Production planning, forward or backward scheduling?

Just-in-time

Is a production order going to be filled as soon as possible?
Or is it going to be filled just in time for delivery?

The former is called forward scheduling, where the first available time slot is assigned for production. The latter is called backward scheduling or just-in-time manufacturing.

When forward or backward scheduling is better?

It could be one, the other or a mix of both – this depends on the type of business.

A lot of times it just makes sense to plan everything in a row, especially in serial production. When an order comes in, add it on top of the pile. It is easy to make sure that your work stations are loaded airtight. This is a simple approach to planning. Customer tells you what he needs and you tell him when the possible delivery time is.

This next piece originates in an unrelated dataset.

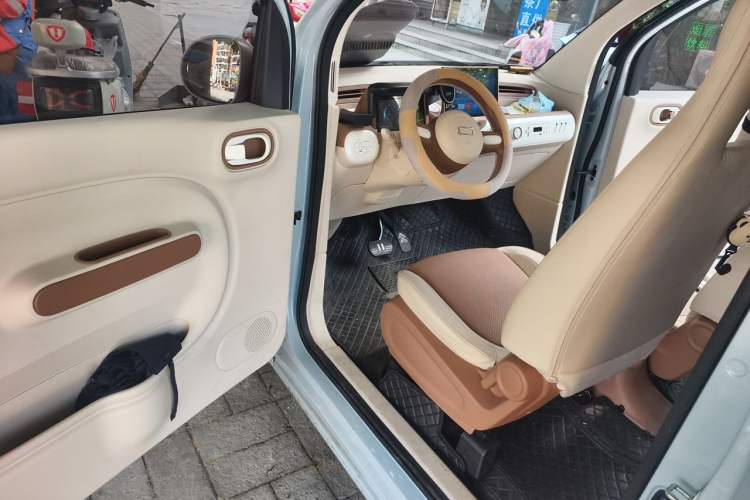 Used Bestune Pony 2025 222km Range Linglong Horse Driver Seat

However, if you make to order or produce according to a sales forecast, then this kind of forward scheduling might not work very effectively. It might happen that a lot of orders are filled long before they need to be shipped – they take up storage and keep assets standing –, and other orders go overdue because requested delivery date was not taken into account while planning.

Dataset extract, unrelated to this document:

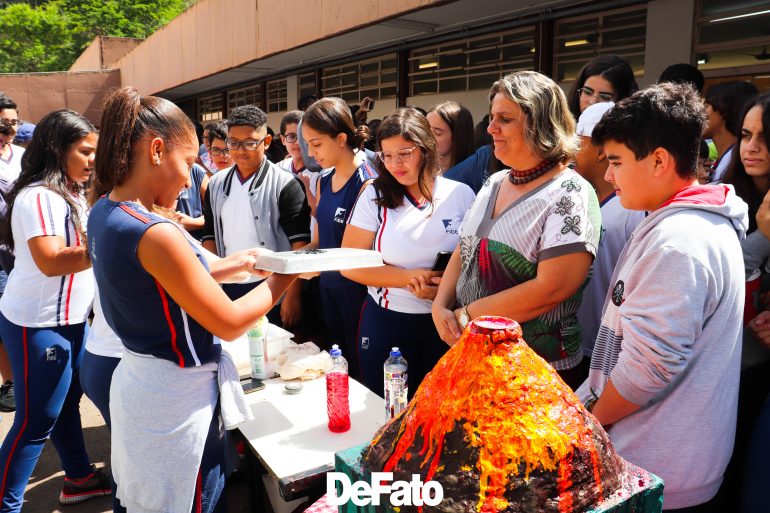Estudantes mostram criatividade e propõem experimentos em Feira de Ciências da FIDE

Backward production planning in MRPEasy automatically plans manufacturing operations so that they will be finished by the time the order is due. Manually done, this is a cumbersome task to make sure that every single operation gets planned correctly – taking into account work station loading, planned maintenances, holidays and much more. MRPEasy makes sure that all orders are filled just in time.

Furthermore, if a requested delivery date is not attainable, you will know it right away!

In reality, production planning is possibly a mix of the two approaches: some orders are filled as soon as a slot is available; other orders are planned just in time for delivery.

There are only few MRP programs that enable backward production scheduling, for example SAP.

In MRPEasy, planning production is fast and easy:

  1. Create a Manufacturing Order.
    The first available start time is offered instantly for forward planning.
  2. By entering the Due date the order is planned to finish just in time.